The following screenshot illustrates an SLO-linked autoscaling scenario for the order service where an SLI in an SLO is violated, and the autoscaling metric is below the scale-down threshold.


To illustrate this scenario, let’s consider this example:
  • The SLI P99 latency is greater than 120 ms, which means that the response time for 90% of requests received by the order service is greater than 120 milliseconds. This is above the SLI set for the order service.

  • The Autoscaling Metric CPU Usage Percent for the order service is less than 20%, which is below the scale-down threshold.

In this scenario, even though the autoscaler metric value is below the scale-down threshold, Tanzu Service Mesh Autoscaler will not scale down the order service because the SLO has been violated according to one of the SLIs (P99).

Example Resiliency Configurations and Autoscaler Outcomes

Configuration Scenario

Autoscaler Outcome

  • An autoscaling configuration is defined for a service version “cart_v1”.

    • Trigger metric in the autoscaling configuration: CPU Usage millicores.

  • There is no actionable SLO defined for cart (service).

"cart_v1" will be autoscaled based on monitoring the CPU metric.

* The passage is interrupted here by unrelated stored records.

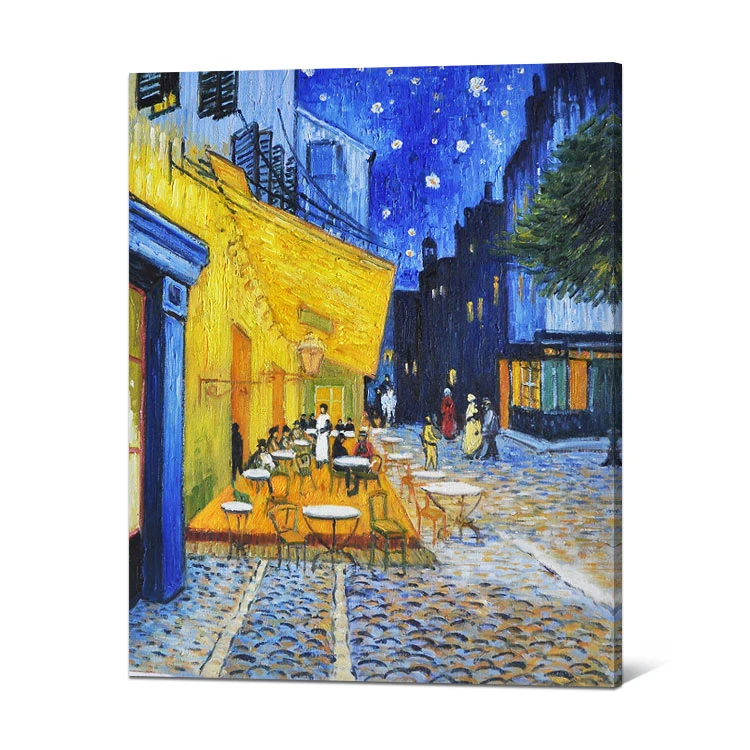 Handmade Museum Quality Cafe Terrace Wall Art Decor Old Masters Oil Painting Reproduction Canvas Painting Van Gogh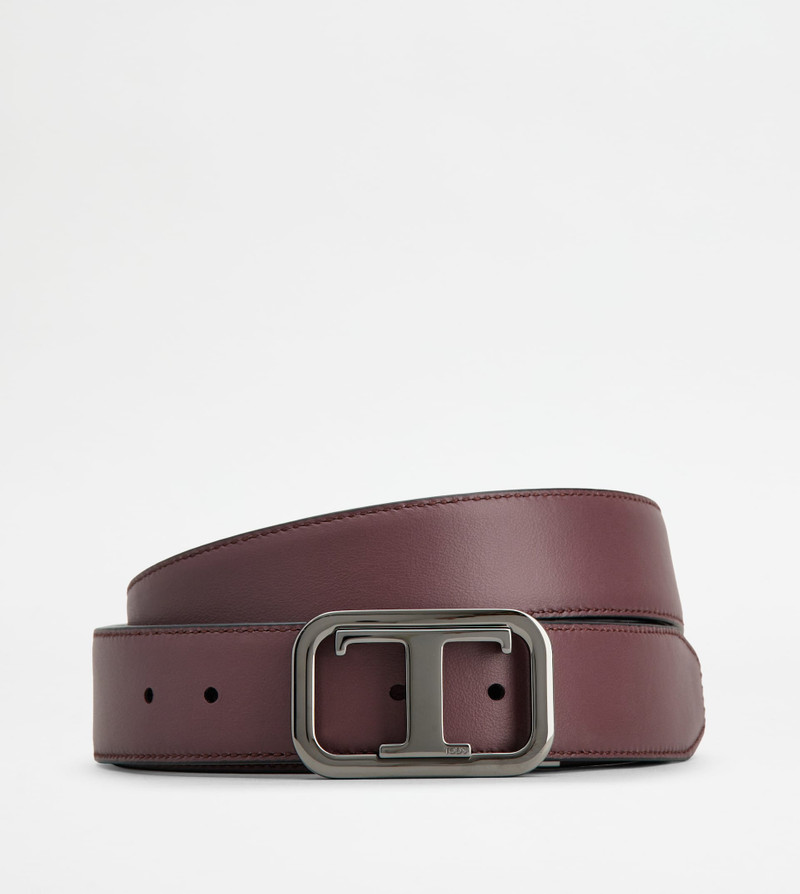 BOX WITH REVERSIBLE BELT AND TWO BUCKLES - BLACK, BURGUNDY 3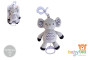 Naťahovací hrací strojček plyš 30 cm záves na postieľku/kočík Babyted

  • An actionable SLO configuration is defined for the "cart" service.

    • SLI metric: p95_latency

  • There is no autoscaling policy defined for cart_v 1.

No autoscaling of "cart_v1" because there is no autoscaling configuration associated with it.

  • An actionable SLO configuration is defined for the "cart" service.

    • SLI metric: p95_latency

  • An autoscaling configuration is defined for a service version “cart_v1”.

    • Trigger metric in the autoscaling configuration: CPU

“cart_v1” will be autoscaled based on monitoring both CPU and p95_latency.

Scenarios in SLO-Linked Autoscaler

  • An actionable SLO is configured with SLI p90_latency set at 500 ms for the cart service:

    • An autoscaling policy is configured for cart_v1.

    • Autoscaling mode - Efficiency

    • Autoscaling Metric – CPU Usage

    • Scale Up Condition – 80%

    • Scale Down Condition -40%

Condition

Autoscaler Outcome

  • p90_latency is 400 ms, so the SLI is not violated.

  • CPU Usage is 85%. This is a scale-up condition.

Since it is a scale-up condition, cart_v1 will be scaled up.

  • p90_latency is 570 ms, so the SLI is violated.

  • CPU Usage is 85%. This is a scale-up condition.

Since it is a scale-up condition, cart_v1 will be scaled up.

  • p90_latency is 400 ms, so the SLI is not violated.

  • CPU Usage is 70%. This is within the threshold.

No scaling actions.

  • p90_latency is 400 ms, so the SLI is not violated.

  • CPU Usage is 30%. This is a scale-down condition.

Since it is a scale-down condition, cart_v1 will be scaled down.

  • p90_latency is 570 ms, so the SLI is violated.

  • CPU Usage is 30%. This is a scale-down condition.

Even though it is a scale-down condition, cart_v1 will not be scaled down because the SLI is violated.